Hate crime ruled out in home-invasion murder of Detroit synagogue leader

By Steve Gorman

(Reuters) – Investigators have ruled out antisemitism as the motive in the stabbing death of a Detroit synagogue leader in October, Wayne County’s top prosecutor said on Wednesday as she announced murder and other charges filed against a newly arrested suspect.

Samantha Woll, 40, a local Democratic Party adviser who was also president of the Isaac Agree Downtown Synagogue, was slain by an intruder who broke into her home in Detroit’s Lafayette Park neighborhood on Oct. 21, authorities said.

Detectives have found no indication that the suspect, Michael Jackson-Bolanos, 28, of Detroit, had known Woll, and there is “not a shred of evidence” suggesting she was the victim of a hate crime, prosecutor Kym Worthy said at a news conference.

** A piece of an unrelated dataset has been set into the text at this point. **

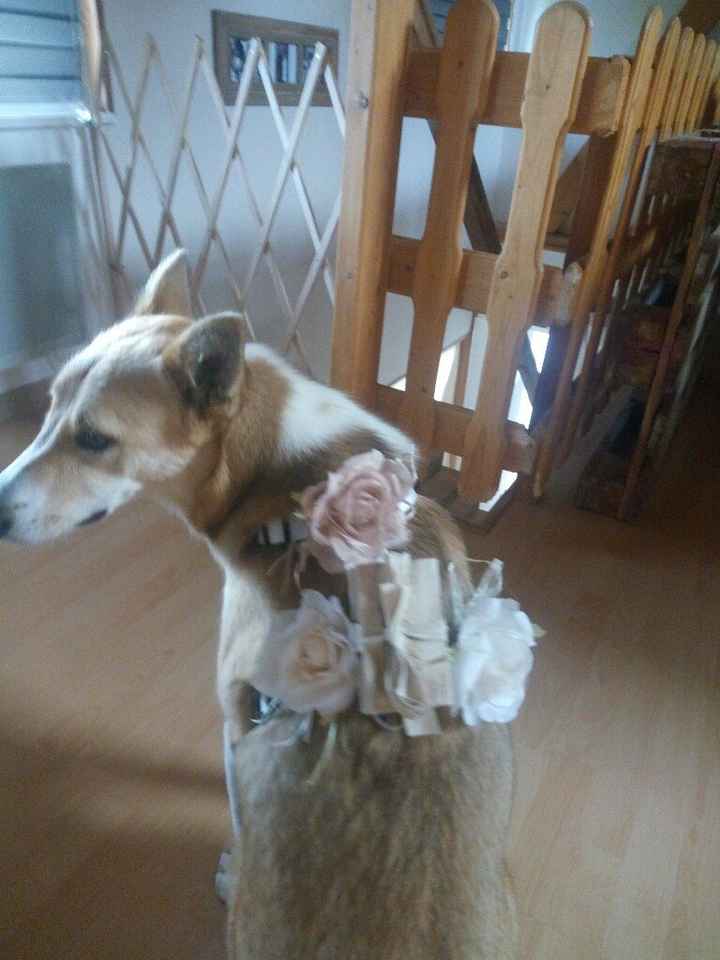 Et les animaux ? - 1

Jackson-Bolanos, arrested on Sunday, was charged with felony murder, breaking and entering and lying to a police officer, Worthy told reporters.

He entered a plea of not guilty at an arraignment on Wednesday, according to a spokesperson for the Wayne County Prosecuting Attorney’s Office.

Jackson-Bolanos had been briefly held for questioning a few weeks ago in connection with a series of larcenies, then released but kept under close observation as detectives continued their investigation, Detroit Police Chief James White said.

Another man detained as a suspect in early November and freed a few days later was found to have had no connection to Moll’s killing, Worthy said.

Authorities have said since a few days after Woll’s slaying that the crime did not appear to have been a part of the recent surge in antisemitic incidents reported in the U.S. since the outbreak of the Israeli-Hamas war on Oct. 7.

But until Wednesday, law enforcement officials declined to conclusively rule out the murder as a possible hate crime.

Worthy declined to say whether Jackson-Bolanos had a past criminal record.